• [Exercise directions]:
What is needed is a word-for-word copy of the lines below from the one with "9FORTY Tonal Logo" through the one with "9 and the Numbers member Jaegyung", both included, with every picture left out.

◇ ◇ ◇ ◇ ◇

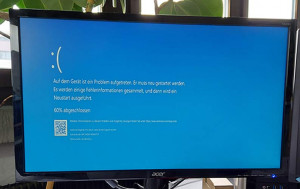 Read more about the article Windows 10: Update behebt Absturzprobleme beim Drucken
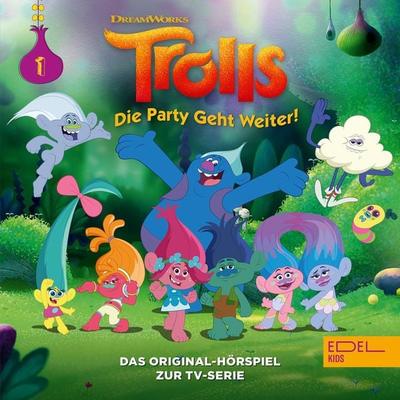 Folge 1: Regen Und Sonnenschein (Das Original-Hörspiel zur TV-Serie) - Thomas Karallus, Audio, 4029759127246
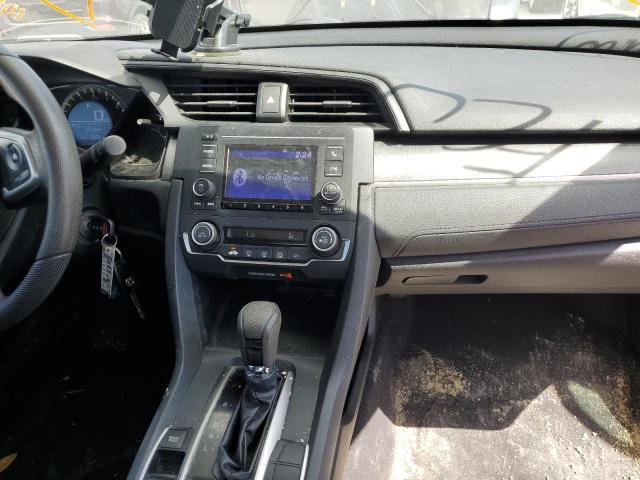 Photo 9 from auction – 2018 HONDA CIVIC LX with VIN 2HGFC2F58JH586526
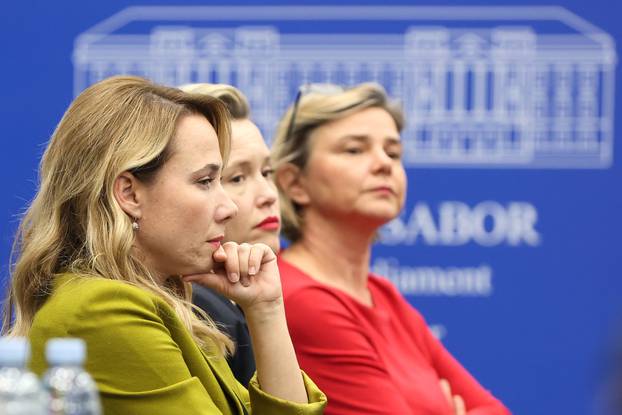 Zagreb: Odbor za obranu raspravljao o NATO aktivnosti za sigurnu i obučnu potporu Ukrajini 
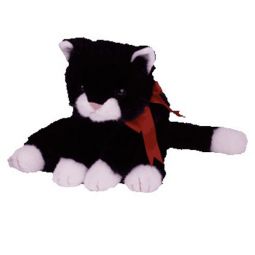 TY Classic Plush - BOOTS the Cat (9 inch)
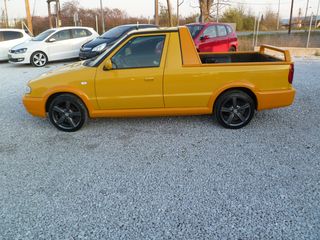 Volkswagen Caddy 1998 ΣΥΛΛΕΚΤΙΚΟ!!!-thumb-3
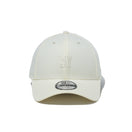 9FORTY Tonal Logo トナルロゴ スクエアニューエラ クローム - 14109660-OSFM | NEW ERA ニューエラ公式オンラインストア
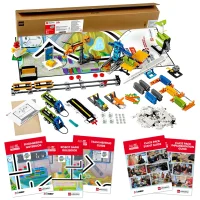 LEGO® Set FLLCCLASSPACK2021 - CARGO CONNECT Class Pack (FLL Challenge)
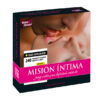 TEASE  PLEASE - MISIÓN ÍNTIMA CAJA AMPLIACIÓN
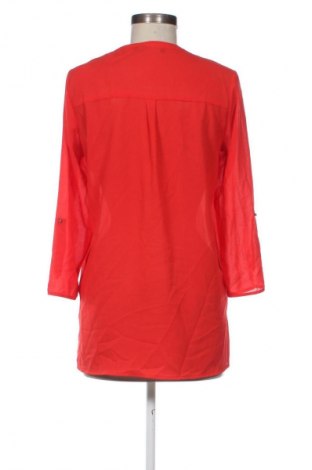 Damen Shirt Atmosphere, Größe S, Farbe Rot, Preis 13,99 €
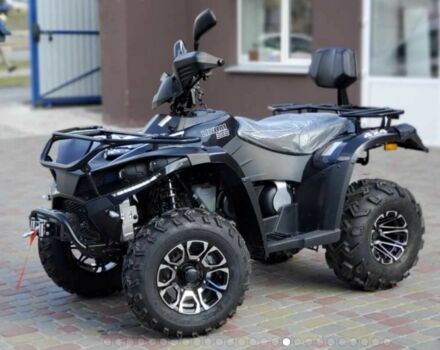 Ямаха 6510, объемом двигателя 0.3 л и пробегом 0 тыс. км за 4650 $, фото 1 на Automoto.ua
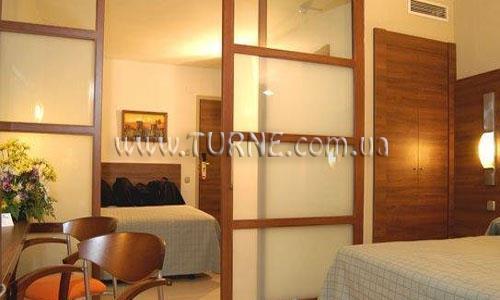 Фотография Aguamarina Beach 4*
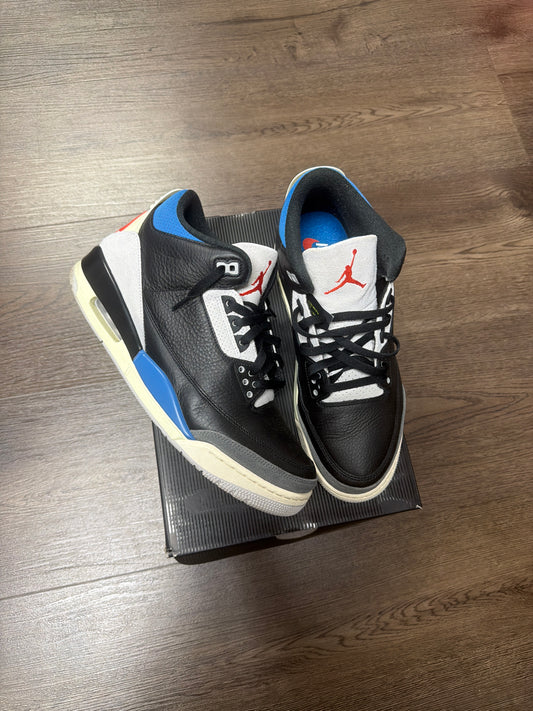 Jordan 3 “Rare Air”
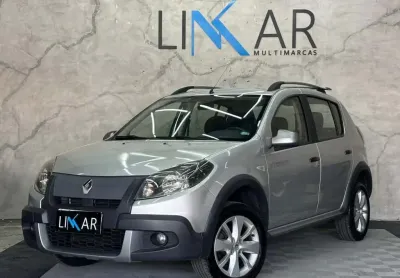 Renault sandero sw1616va 2012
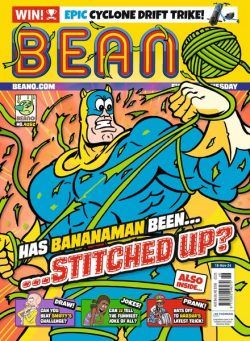 Beano – 13 November 2024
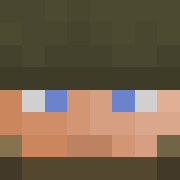 Skin Head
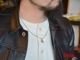 ��FIRST ARROW's/�ե������ȥ��������ۡ�Large Ball Chain Necklace/�顼���ܡ����������ͥå��쥹��(O-064)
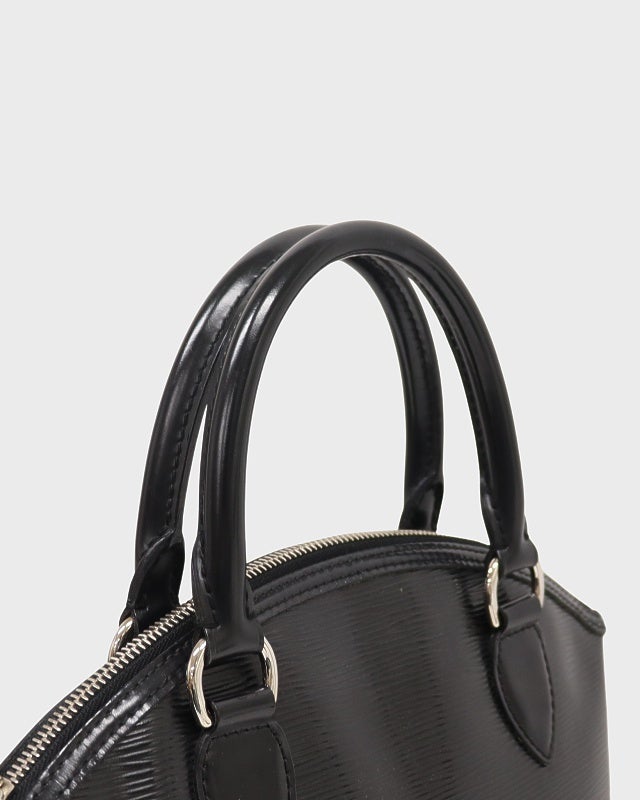 LOUIS VUITTON エピライン ロックイット | Hedy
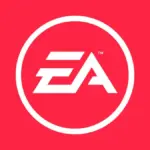EA logo
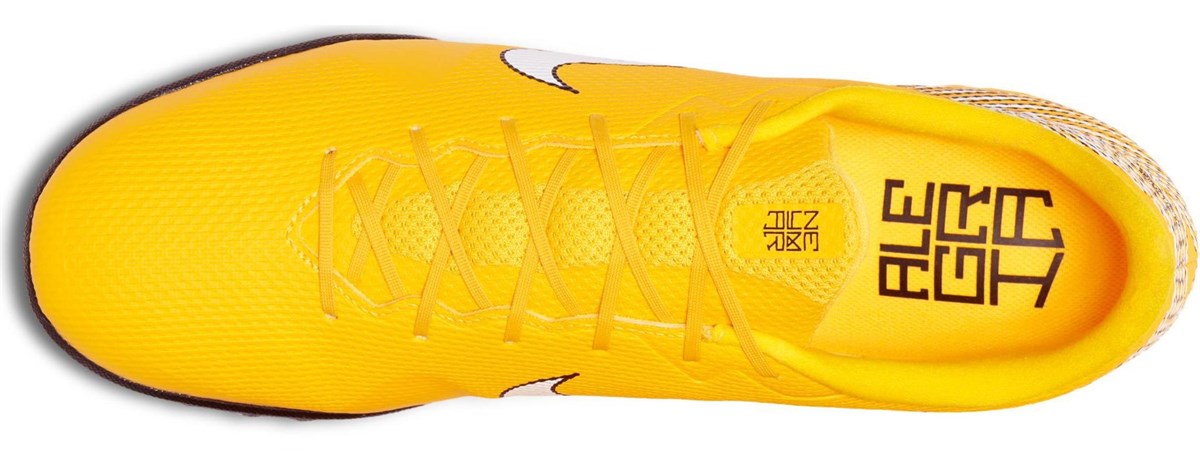 Nike Vapor 12 Academy Nj Erkek Halı Saha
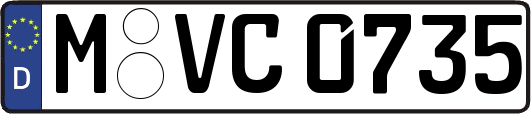 M-VC0735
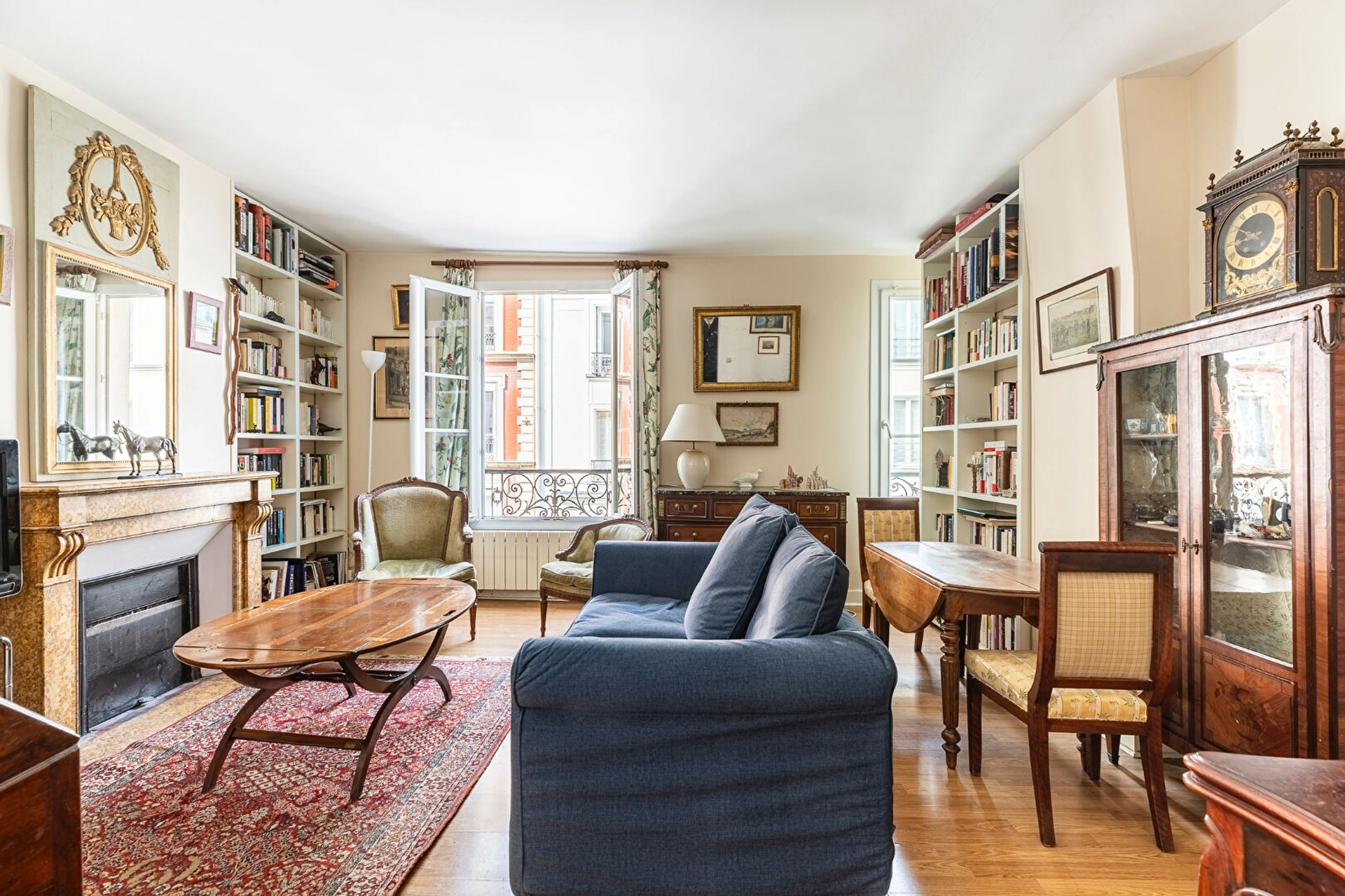 PARIS 15 - DUPLEIX 3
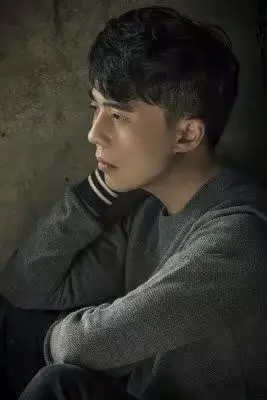 9 and the Numbers member Jaegyung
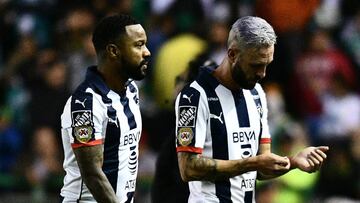 Monterrey no ha podido desplegar su mejor futbol tras conquistar el t&iacute;tulo del Apertura 2019, apenas suman dos puntos, no han ganado y son &uacute;ltimos de la tabla general.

◇ ◇ ◇ ◇ ◇

• [Solution to this task]:
 9FORTY Tonal Logo トナルロゴ スクエアニューエラ クローム - 14109660-OSFM | NEW ERA ニューエラ公式オンラインストア
 LEGO® Set FLLCCLASSPACK2021 - CARGO CONNECT Class Pack (FLL Challenge)
 TEASE  PLEASE - MISIÓN ÍNTIMA CAJA AMPLIACIÓN
 Damen Shirt Atmosphere, Größe S, Farbe Rot, Preis 13,99 €
 Ямаха 6510, объемом двигателя 0.3 л и пробегом 0 тыс. км за 4650 $, фото 1 на Automoto.ua
 Фотография Aguamarina Beach 4*
 Jordan 3 “Rare Air”
 Renault sandero sw1616va 2012
 Beano – 13 November 2024
 Skin Head
 ��FIRST ARROW's/�ե������ȥ��������ۡ�Large Ball Chain Necklace/�顼���ܡ����������ͥå��쥹��(O-064)
 LOUIS VUITTON エピライン ロックイット | Hedy
EA logo
 Nike Vapor 12 Academy Nj Erkek Halı Saha
 M-VC0735
 PARIS 15 - DUPLEIX 3
 9 and the Numbers member Jaegyung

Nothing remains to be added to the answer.